Innovation Competition, Unilateral Effects and Merger Control Policy

ICLE White Paper This paper looks at whether the standard unilateral effects model can be applied to non-price competition parameters such as innovation. This question arises because competition authorities are intervening in horizontal mergers that are found to give rise to a “significant impediment to effective innovation competition” (“SIEIC”) as a result of a reduction in post-merger R&D efforts (including lower expenditure).

Summary

This paper looks at whether the standard unilateral effects model can be applied to non-price competition parameters such as innovation. This question arises because competition authorities are intervening in horizontal mergers that are found to give rise to a “significant impediment to effective innovation competition” (“SIEIC”) as a result of a reduction in post-merger R&D efforts (including lower expenditure). SIEIC is distinct from the mainstream unilateral effects theory of harm that predicts a “significant impediment to effective competition” (“SIEC”) as a result of increased prices. Most recently, the European Commission (“Commission”) used its powers under the EU Merger Regulation (“EUMR”) to impose remedies in the Dow/DuPont merger. This was in part because of concerns that that the transaction “would be likely to significantly impede effective competition as regards innovation both in innovation spaces where the Parties’ lines of research and early pipeline products overlap and overall in innovation in the crop protection industry.” At the heart of the development of SIEIC analysis lies a fundamental question of competition theory: under what conditions can variations of existing economic models be applied in merger cases?

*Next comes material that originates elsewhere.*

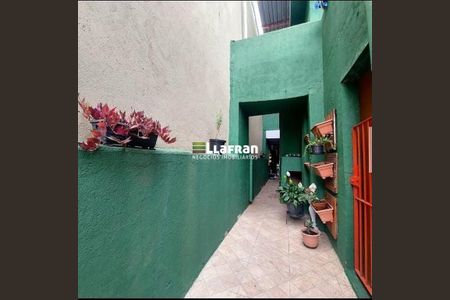 3_photo/94ce54704b.ceff8192393c33de-ATLAS-ca330bf3-441b-466e-8e35-e17082cd9aae.jpg de casa à venda com 3 quartos, 205m² em Parque Maraba, Taboão da Serra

This paper is divided into three sections. In Section I, the SIEIC theory of harm is described and put into perspective against past competition policy on innovation competition. Section I concludes that SIEIC constitutes a small but significant change in merger policy. In Section II, the economics of SIEIC are discussed. In particular, it will be seen that SIEIC is an application of the standard unilateral effects analysis where the focus is shifted from price to innovation effects. Section II demonstrates that this variant of the model can only deliver sound and robust empirical predictions if three critical innovation-specific questions are addressed. Section III discusses the economic methodology of merger control policy. This Section shows that agencies should remain free to rely on new or adapted pre-existing economic models in merger control reviews, provided they are able to discharge the “burden of persuasion”. With this, the paper hopes to contribute to the ongoing development of optimal merger control policy in innovative and R&D-driven markets.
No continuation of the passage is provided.